El invierno: vivir en la espera alegre de la eternidad
En el armario de nuestra vida interior hay una estantería donde se encuentra una caja de clasificación particular y delicada. Se trata de la de la preparación para la muerte.
La cultura actual pone el acento en la búsqueda de la buena calidad de vida. El hermano Michael subraya en su obra que la muerte, precisamente, forma parte de la calidad de vida.
Todo el mundo debería poder decir: “Aprecio mi muerte más que nada y no querría, bajo ningún precio, que me la arrebataran”.
Antiguamente, la muerte era “una ceremonia pública y organizada” que los niños no se perdían. Hoy en día, la percibimos como una amenaza.
Paradójicamente, en lugar de ayudarnos a vivir, esta actitud es un obstáculo para comprender el misterio de la vida en su totalidad.
Prepararnos para nuestra propia muerte nos da la oportunidad de vivir plenamente con serenidad y verdadera fuerza.
San Francisco de Asís dio a la muerte física el dulce nombre de “hermana”. Para él, la muerte era como una persona cercana. Esta “hermana, la muerte”, nos ofrece vivir hasta morir con la actitud de “auténticos mendigos dichosos”.
Según se cita en la obra, el escritor ortodoxo Anthony Bloom explica cómo vivir a la espera de la vida eterna: “Solo hay una cosa importante: ¿por qué razón vivimos y por qué causa estamos dispuestos a morir?

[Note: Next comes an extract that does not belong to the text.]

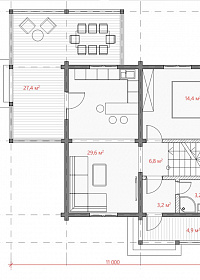 План первого этажа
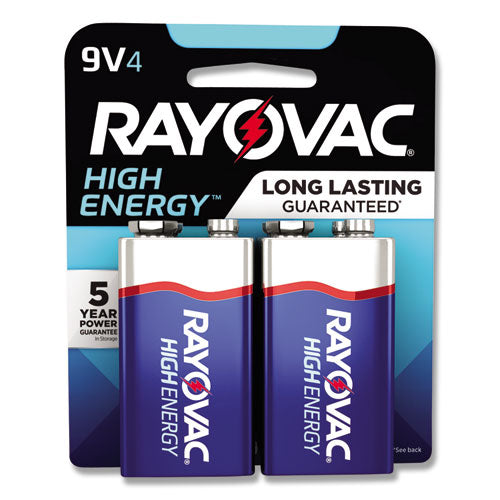 Rayovac® wholesale. RAYOVAC High Energy Premium Alkaline 9v Batteries, 4-pack. HSD Wholesale: Janitorial Supplies, Breakroom Supplies, Office Supplies.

Estas palabras (que pronunció su padre, NdlR), me enseñaron lo que debe vincularse a la muerte: una última llamada a aprender a vivir, vivir en la espera de nuestra muerte como un joven espera a su amada (…), vivir a la espera de que la puerta se cierre. Si Cristo es la puerta que se abre a la eternidad, él es nuestra muerte”.